The Challenges at the Core of Feminist Agenda Remain
July 08, 2015 | By Judith Warner
When I was in my early 20s, a self-described feminist with an almost visceral distaste for what I understood to be the modern women’s movement, I couldn’t wait for the moment when the baby boomers before me might start to shut up —just a little bit — so that the voice of my generation could rise.
My generation (the immediate post-boomers, with years of birth starting in 1961, according to the cohort chroniclers William Strauss and Neil Howe), didn’t yet have any sort of identifiable voice — and as the sad “X” would convey, we arguably didn’t have much of an identity to claim, either. But what we were not, without question, was the baby boomers. And what our voice would not sound like when it finally emerged (I, at least, was sure) was the perennially over-excited boomer roar of self-discovery and self-revelation that had served as the background noise for the entirety of our sentient lives.

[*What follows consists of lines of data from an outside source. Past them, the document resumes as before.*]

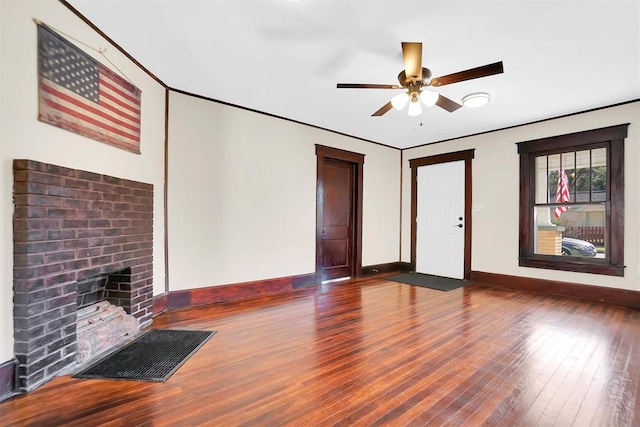 unfurnished living room featuring a fireplace, dark hardwood / wood-style flooring, and ceiling fan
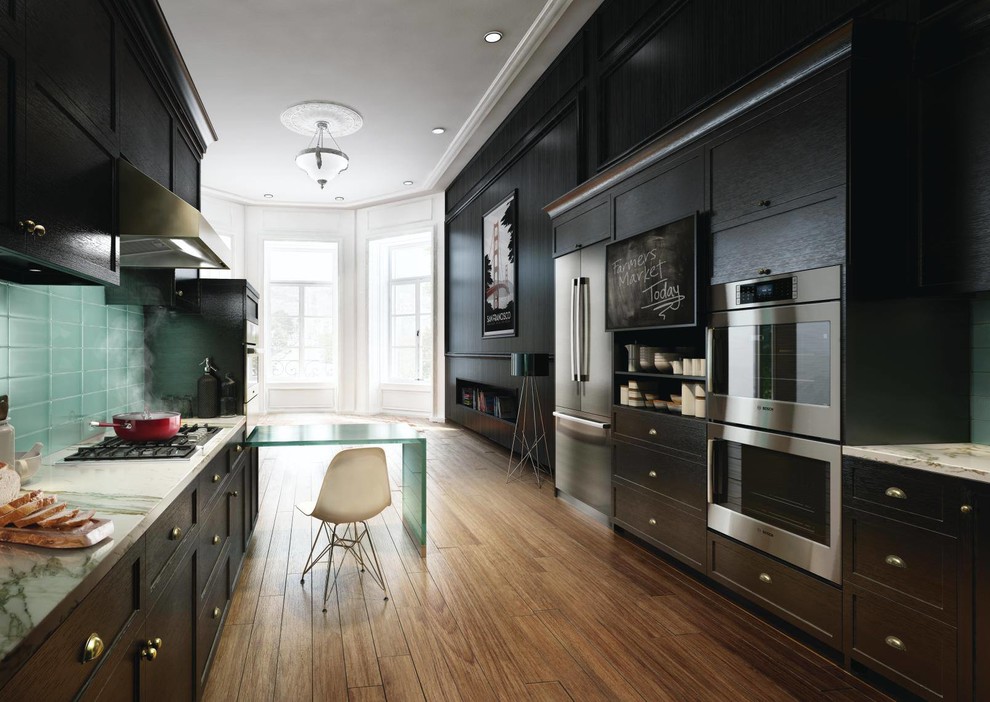 Inspiration for a large transitional galley medium tone wood floor and brown floor enclosed kitchen remodel with shaker cabinets, black cabinets, granite countertops, green backsplash, glass tile backsplash, stainless steel appliances and a peninsula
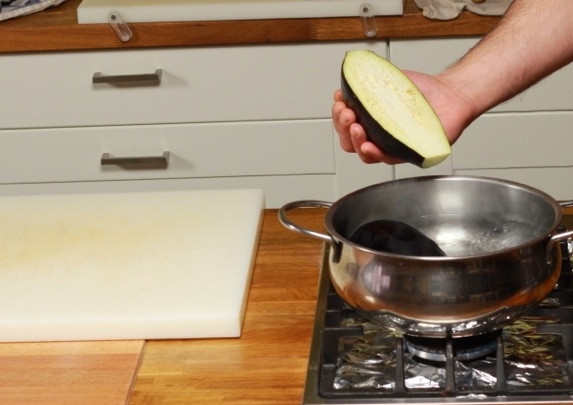 1. Этап. Баклажаны, фаршированные помидорами и сыром: Баклажаны разрежьте пополам, бросить в кипящую подсоленную воду и отварить в течение 5 минут.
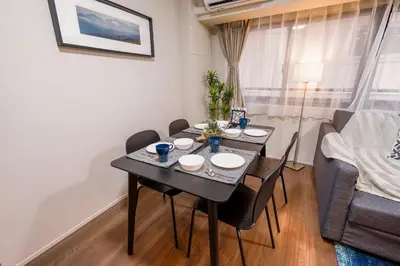 a dining room with a black table and chairs at HIZ HOTEL Ginza in Tokyo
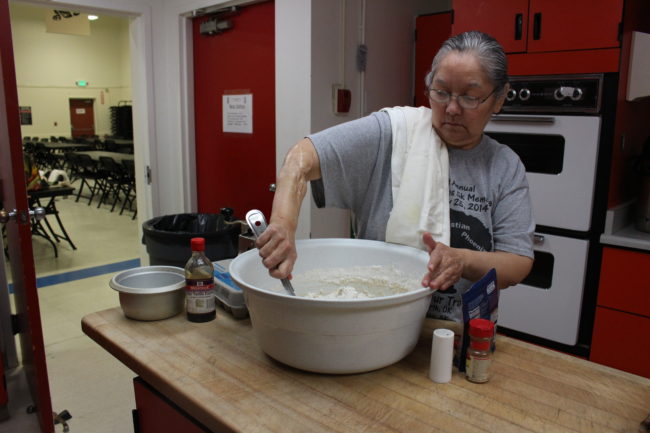 Siouxbee Lindoff mixes the kulich dough by hand (Elizabeth Jenkins/KTOO)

I’d love to believe that the current critique of Hillary Clinton-style feminism by a newly rising generation of young women rested upon something real and substantive. Genuine changes in American society. Real progress on women’s issues. A deeply transformed reality that could make a sensibility like Clinton’s, forged in the battles between reform and reaction of the 1960s, truly outmoded.

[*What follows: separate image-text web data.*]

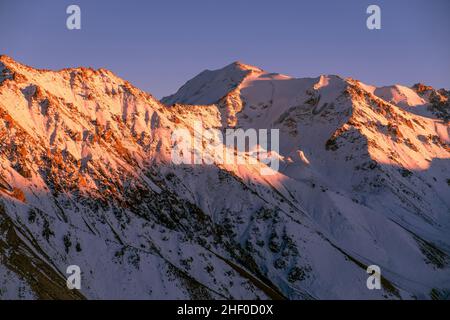 Weiches Abendlicht auf Bergkämmen; felsige Berge, die bei Sonnenuntergang mit Schnee bedeckt sind Stockfoto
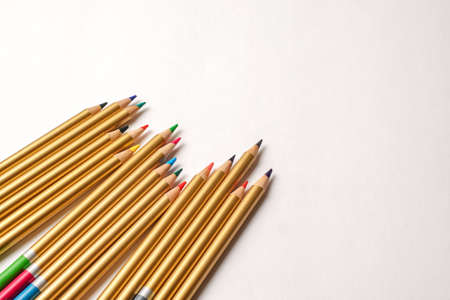 Colored pencils disordered on white background. Group of pencils of different colors.の写真素材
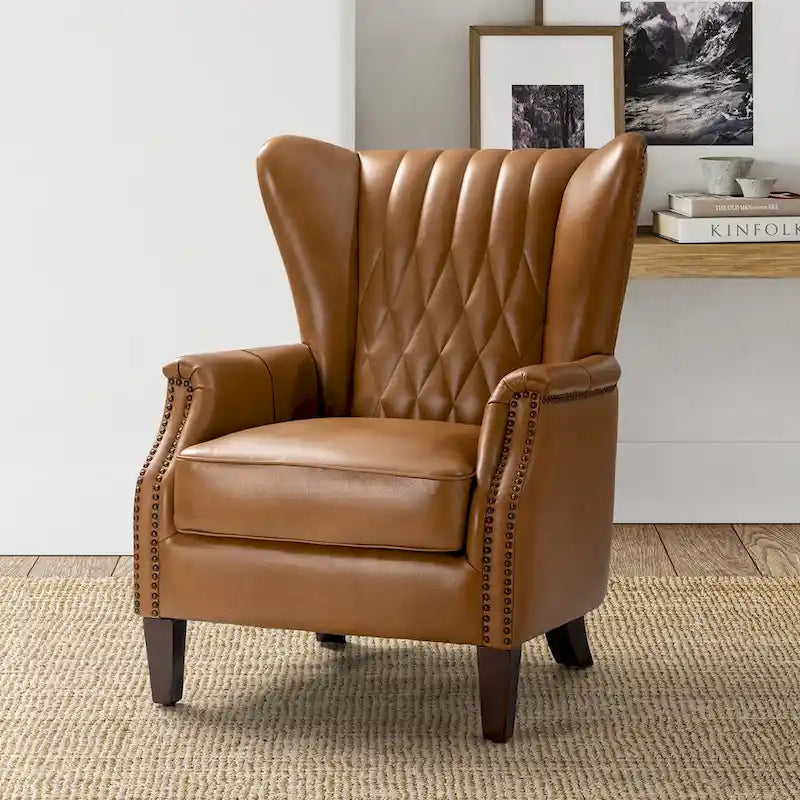 Traditionele fauteuil van echt leer met poten van massief hout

Unfortunately, as we all know, that’s just not true. The basic needs that form the core of the feminist agenda — for equal rights, equal pay, basic dignity and bodily integrity, just for starters — are as much with us today as they were 20 years ago. The solutions we need are the same, too. Which means that, as was the case 20 years ago, the young feminist reproach is, for the most part, more about style than substance.

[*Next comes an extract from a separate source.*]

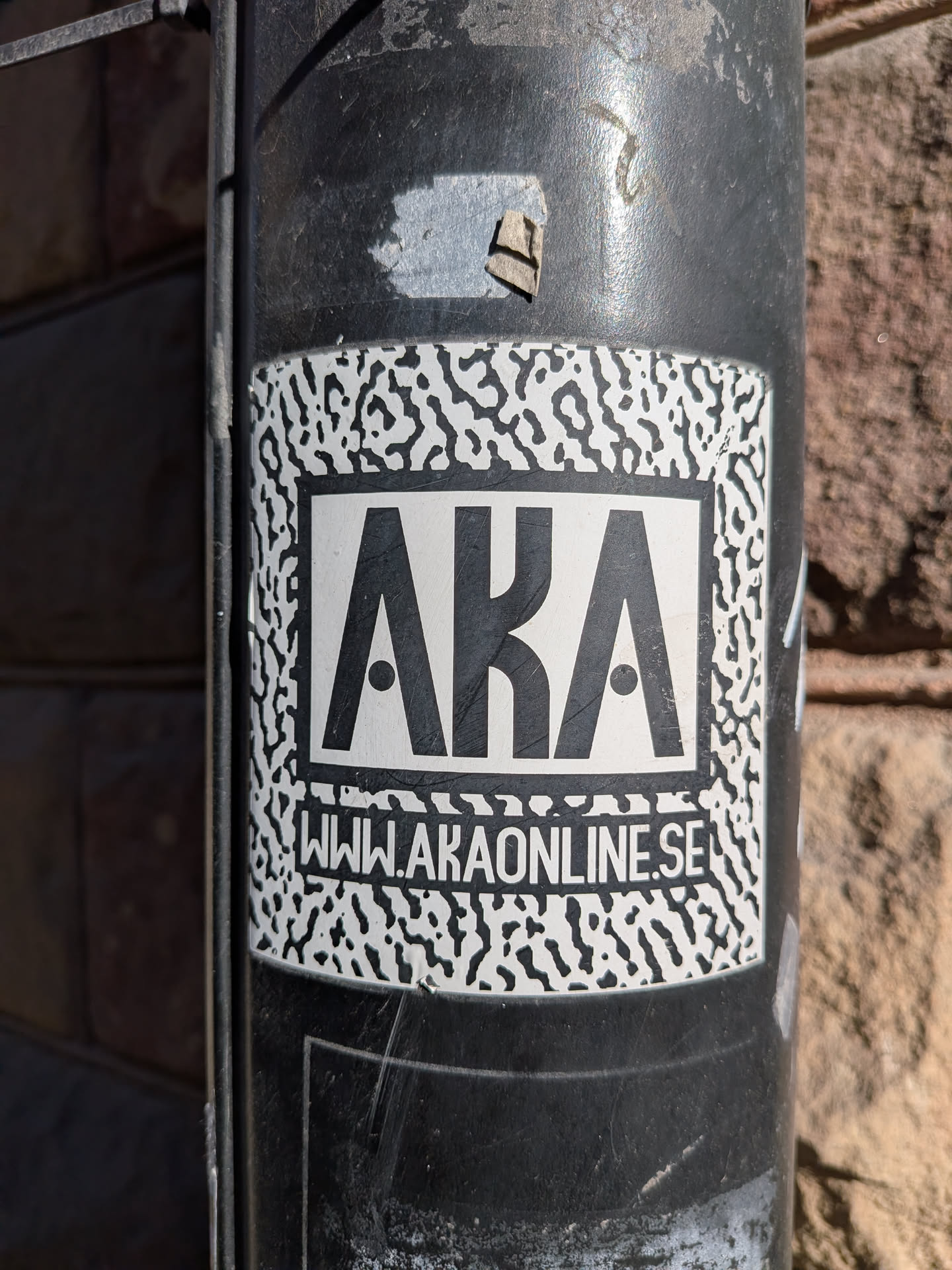 A rectangular sticker with slightly rounded corners, featuring a high-contrast black and white design. The outer border of the sticker has a white background with an irregular, organic black pattern, reminiscent of camouflage or abstract animal print. Centered within this pattern is a solid white rectangular box with a thick black outline. Inside this box, the large, bold, sans-serif letters 'AKA' are displayed in black, with small black dots filling the negative space of the 'A's. Below the 'AKA' text, in a smaller black sans-serif font, is the website 'WWW.AKAONLINE.SE'. The sticker is applied to a dark, textured, and somewhat weathered pole or pipe, showing minor wear and scratches.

The critiques that today’s young feminists lob our way — that we’re out of touch and elitist, self-protective, jealous of our turf and, generally, sort of embarrassing — are just about exactly those that “Third Wave” feminists threw at our elders in the early 1990s. Then, as now, young women declared that old-style, no-fun feminism was dead, and that something new, young, lipstick-clad, and sexy was rising to replace it. What’s different today, of course, is that the current crop of young women are Millennials — which means they expect their concerns to be not just heard, but validated; turned into a Ted Talk, aired in a regular pundit slot on MSNBC. Twenty years ago, we knew we’d have to wait our turn.
In a political landscape where real progress on women’s issues long ago slowed to a crawl, questions of who owns feminism — who brands it, and speaks it, and tweets it and “does” it take on enormous significance — because “doing feminism,” in the absence of making progress, is what we’ve got. Underneath all that, I also sense — the way I, of course, could not when I was a 20-something — the basic, epidermic irritation of youth with its elders, a collective eyeroll of the sort that any mother of a teenage girl knows all too well.
If today’s young women really want to break from the past, they’ll have to figure out a way to do better.